TRY IT =
Start at the first line of the material below and retype each line through the one containing "MACLEAN UCHWYT WOLNOSTOJĄCY", exactly.
--- INPUT RECORDS Enclosed Below ---
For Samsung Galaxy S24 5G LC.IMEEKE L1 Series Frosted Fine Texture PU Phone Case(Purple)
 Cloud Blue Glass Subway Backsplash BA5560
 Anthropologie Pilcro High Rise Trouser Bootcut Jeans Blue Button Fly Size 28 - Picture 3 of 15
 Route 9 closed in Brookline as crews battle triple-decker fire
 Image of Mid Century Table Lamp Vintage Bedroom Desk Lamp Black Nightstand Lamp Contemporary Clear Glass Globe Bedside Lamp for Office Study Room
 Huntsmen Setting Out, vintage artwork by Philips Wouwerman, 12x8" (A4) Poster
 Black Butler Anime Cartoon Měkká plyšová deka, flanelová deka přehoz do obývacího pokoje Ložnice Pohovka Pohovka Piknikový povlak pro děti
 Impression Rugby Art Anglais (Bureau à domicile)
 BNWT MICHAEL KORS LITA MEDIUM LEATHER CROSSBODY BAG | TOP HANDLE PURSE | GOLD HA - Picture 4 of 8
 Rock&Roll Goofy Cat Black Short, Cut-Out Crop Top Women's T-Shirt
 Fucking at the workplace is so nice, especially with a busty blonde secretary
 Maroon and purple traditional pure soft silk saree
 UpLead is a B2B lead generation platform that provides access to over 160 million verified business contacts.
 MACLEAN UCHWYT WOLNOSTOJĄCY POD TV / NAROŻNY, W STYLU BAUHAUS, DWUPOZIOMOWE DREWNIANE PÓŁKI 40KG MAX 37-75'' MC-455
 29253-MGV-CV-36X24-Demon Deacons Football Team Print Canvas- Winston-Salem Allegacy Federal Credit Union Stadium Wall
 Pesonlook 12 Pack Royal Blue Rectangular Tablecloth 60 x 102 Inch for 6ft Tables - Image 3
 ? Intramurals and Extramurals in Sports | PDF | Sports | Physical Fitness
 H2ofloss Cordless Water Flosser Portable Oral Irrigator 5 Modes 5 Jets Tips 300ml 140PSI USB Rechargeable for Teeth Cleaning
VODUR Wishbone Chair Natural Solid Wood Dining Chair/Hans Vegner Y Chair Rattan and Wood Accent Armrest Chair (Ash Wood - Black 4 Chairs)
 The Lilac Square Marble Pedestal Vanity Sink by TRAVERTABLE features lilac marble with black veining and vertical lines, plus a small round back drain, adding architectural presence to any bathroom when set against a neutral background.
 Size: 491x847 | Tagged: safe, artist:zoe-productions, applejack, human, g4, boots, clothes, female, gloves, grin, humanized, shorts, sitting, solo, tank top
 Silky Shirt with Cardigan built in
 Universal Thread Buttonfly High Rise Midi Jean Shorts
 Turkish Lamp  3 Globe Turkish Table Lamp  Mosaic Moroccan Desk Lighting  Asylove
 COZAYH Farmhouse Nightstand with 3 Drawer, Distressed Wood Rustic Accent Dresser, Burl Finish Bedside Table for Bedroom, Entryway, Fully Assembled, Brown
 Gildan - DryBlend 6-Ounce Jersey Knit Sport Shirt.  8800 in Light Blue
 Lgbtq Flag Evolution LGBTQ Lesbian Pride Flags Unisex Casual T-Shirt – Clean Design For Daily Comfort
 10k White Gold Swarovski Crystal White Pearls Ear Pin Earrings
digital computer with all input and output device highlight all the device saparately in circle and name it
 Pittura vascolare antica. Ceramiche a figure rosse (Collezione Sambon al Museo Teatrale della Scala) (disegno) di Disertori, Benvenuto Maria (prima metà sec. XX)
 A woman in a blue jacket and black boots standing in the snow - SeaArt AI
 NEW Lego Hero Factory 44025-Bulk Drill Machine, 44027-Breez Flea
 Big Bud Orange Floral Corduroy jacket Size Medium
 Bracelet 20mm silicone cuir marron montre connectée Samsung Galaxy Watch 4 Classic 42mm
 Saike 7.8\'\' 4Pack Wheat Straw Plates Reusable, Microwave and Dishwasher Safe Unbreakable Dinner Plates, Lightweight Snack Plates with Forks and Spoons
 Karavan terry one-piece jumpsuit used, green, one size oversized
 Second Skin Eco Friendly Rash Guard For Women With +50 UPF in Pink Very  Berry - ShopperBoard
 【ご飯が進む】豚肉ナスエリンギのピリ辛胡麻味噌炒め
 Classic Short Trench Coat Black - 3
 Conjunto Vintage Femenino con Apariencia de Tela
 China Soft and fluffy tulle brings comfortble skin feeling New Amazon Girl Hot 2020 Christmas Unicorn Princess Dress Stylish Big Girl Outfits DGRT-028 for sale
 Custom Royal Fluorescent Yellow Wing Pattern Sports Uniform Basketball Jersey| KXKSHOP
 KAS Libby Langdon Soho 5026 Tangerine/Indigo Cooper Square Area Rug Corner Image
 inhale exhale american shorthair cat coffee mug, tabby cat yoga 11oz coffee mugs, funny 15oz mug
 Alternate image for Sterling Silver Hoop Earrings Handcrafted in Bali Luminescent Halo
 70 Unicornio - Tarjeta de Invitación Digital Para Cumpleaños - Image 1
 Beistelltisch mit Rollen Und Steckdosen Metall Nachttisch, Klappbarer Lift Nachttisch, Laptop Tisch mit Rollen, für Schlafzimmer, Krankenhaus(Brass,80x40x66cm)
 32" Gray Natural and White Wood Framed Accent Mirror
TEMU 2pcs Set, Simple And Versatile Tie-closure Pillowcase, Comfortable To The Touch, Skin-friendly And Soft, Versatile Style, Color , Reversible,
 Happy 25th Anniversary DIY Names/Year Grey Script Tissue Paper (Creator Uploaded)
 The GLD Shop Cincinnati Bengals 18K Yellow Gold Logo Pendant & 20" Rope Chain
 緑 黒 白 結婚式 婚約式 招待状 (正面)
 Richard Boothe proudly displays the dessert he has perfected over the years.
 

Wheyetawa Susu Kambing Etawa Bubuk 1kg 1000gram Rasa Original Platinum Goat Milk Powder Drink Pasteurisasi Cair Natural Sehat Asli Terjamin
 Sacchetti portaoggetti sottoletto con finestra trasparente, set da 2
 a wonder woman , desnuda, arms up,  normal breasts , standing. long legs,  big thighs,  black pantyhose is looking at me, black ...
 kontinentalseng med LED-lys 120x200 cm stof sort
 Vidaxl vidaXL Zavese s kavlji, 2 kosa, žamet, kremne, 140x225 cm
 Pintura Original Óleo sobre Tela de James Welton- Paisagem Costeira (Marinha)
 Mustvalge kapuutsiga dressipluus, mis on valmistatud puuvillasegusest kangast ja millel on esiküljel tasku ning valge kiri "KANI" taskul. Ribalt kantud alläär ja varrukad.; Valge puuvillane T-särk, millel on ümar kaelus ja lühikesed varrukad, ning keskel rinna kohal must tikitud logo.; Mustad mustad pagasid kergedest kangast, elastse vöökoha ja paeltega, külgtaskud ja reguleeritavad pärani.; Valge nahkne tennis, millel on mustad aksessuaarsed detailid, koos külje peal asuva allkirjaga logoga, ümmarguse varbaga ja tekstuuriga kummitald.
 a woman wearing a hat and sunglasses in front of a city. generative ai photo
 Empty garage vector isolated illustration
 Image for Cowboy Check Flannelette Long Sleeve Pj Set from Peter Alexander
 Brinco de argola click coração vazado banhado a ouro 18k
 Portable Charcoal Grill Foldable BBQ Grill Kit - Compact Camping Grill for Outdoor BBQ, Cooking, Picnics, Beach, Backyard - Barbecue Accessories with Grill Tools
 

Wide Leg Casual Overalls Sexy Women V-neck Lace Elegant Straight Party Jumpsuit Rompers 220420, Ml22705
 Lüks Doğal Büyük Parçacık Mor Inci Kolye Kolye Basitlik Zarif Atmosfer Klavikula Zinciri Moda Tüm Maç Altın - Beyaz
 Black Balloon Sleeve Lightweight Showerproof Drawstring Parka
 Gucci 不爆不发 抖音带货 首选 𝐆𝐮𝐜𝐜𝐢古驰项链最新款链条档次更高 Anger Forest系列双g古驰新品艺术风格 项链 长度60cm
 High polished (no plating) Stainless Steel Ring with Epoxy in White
--- End of Enclosed INPUT RECORDS ---
ANSWER SECTION =
For Samsung Galaxy S24 5G LC.IMEEKE L1 Series Frosted Fine Texture PU Phone Case(Purple)
 Cloud Blue Glass Subway Backsplash BA5560
 Anthropologie Pilcro High Rise Trouser Bootcut Jeans Blue Button Fly Size 28 - Picture 3 of 15
 Route 9 closed in Brookline as crews battle triple-decker fire
 Image of Mid Century Table Lamp Vintage Bedroom Desk Lamp Black Nightstand Lamp Contemporary Clear Glass Globe Bedside Lamp for Office Study Room
 Huntsmen Setting Out, vintage artwork by Philips Wouwerman, 12x8" (A4) Poster
 Black Butler Anime Cartoon Měkká plyšová deka, flanelová deka přehoz do obývacího pokoje Ložnice Pohovka Pohovka Piknikový povlak pro děti
 Impression Rugby Art Anglais (Bureau à domicile)
 BNWT MICHAEL KORS LITA MEDIUM LEATHER CROSSBODY BAG | TOP HANDLE PURSE | GOLD HA - Picture 4 of 8
 Rock&Roll Goofy Cat Black Short, Cut-Out Crop Top Women's T-Shirt
 Fucking at the workplace is so nice, especially with a busty blonde secretary
 Maroon and purple traditional pure soft silk saree
 UpLead is a B2B lead generation platform that provides access to over 160 million verified business contacts.
 MACLEAN UCHWYT WOLNOSTOJĄCY POD TV / NAROŻNY, W STYLU BAUHAUS, DWUPOZIOMOWE DREWNIANE PÓŁKI 40KG MAX 37-75'' MC-455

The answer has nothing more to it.